Authors: Nancy Kress
Nonetheless, her mind was already marshalling arguments. The enemy's research division had been thoroughly destroyed, and so had its personnel. But there was no guarantee that the bombs had actually gotten them all; there had never been any guarantee. The enemy was supposedly our ally now, but if the world situation changed again ... and things always changed. A biological antidote was the first step toward a vaccine ...
No, Mr. President, tissue samples cannot provide the same mechanisms as a living organism
....
Katherine, driving the DDR mobile across the Mojave, glanced back over her shoulder at Kim, the only ugly and unappealing child of the four. Kim, erratic about controlling her bowels, screaming like a stuck siren, forever licking the faces of people she loved. A child no one would want, a child likely to have been stuck in the back ward of some institution somewhere, while the other three babies would have been adopted, cuddled, loved. Kim, now the most important child on the planet.
"It's my turn now!” Jana said.
"In a minute,” Li answered, just as the computer said, “Cat. ‘Cat’ starts with ‘c.’ Say ‘kuh’ for ‘c'."

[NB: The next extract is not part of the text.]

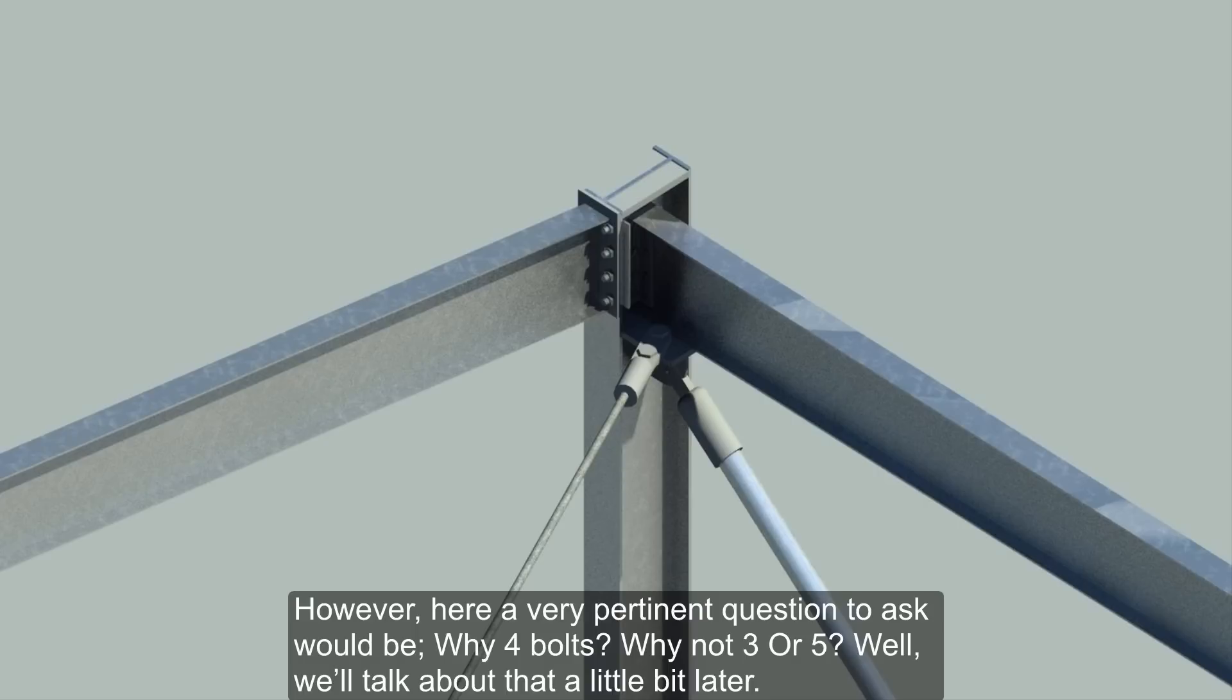However, here a very pertinent question to ask would be, why four bolts? Why not three or five? Well, we'll talk about that a little bit later.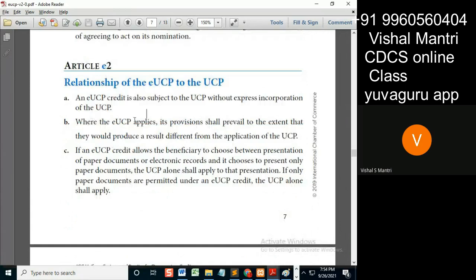Where eUCP applies, its provisions shall prevail to the extent that they would produce a result different from the application of UCP. Let's go through this one by one.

"Kuh,” Li and Jana said simultaneously, and the computer broke into congratulatory song. Li and Jana laughed with excitement.
Sudie suddenly appeared beside the driver's seat. “Taney,” she said seriously, “Now that the real world got broke, are you going to keep us safe?"
Medical fights, military fights, political fights, journalistic fights. Katherine's knee throbbed. The desert shimmered in front of her, murderous with heat, the earthquake disaster behind. Katherine was nearly seventy years old, and her knee hurt.
"Yes, dear heart, I am,” she said, and drove on across the desert, toward the next world.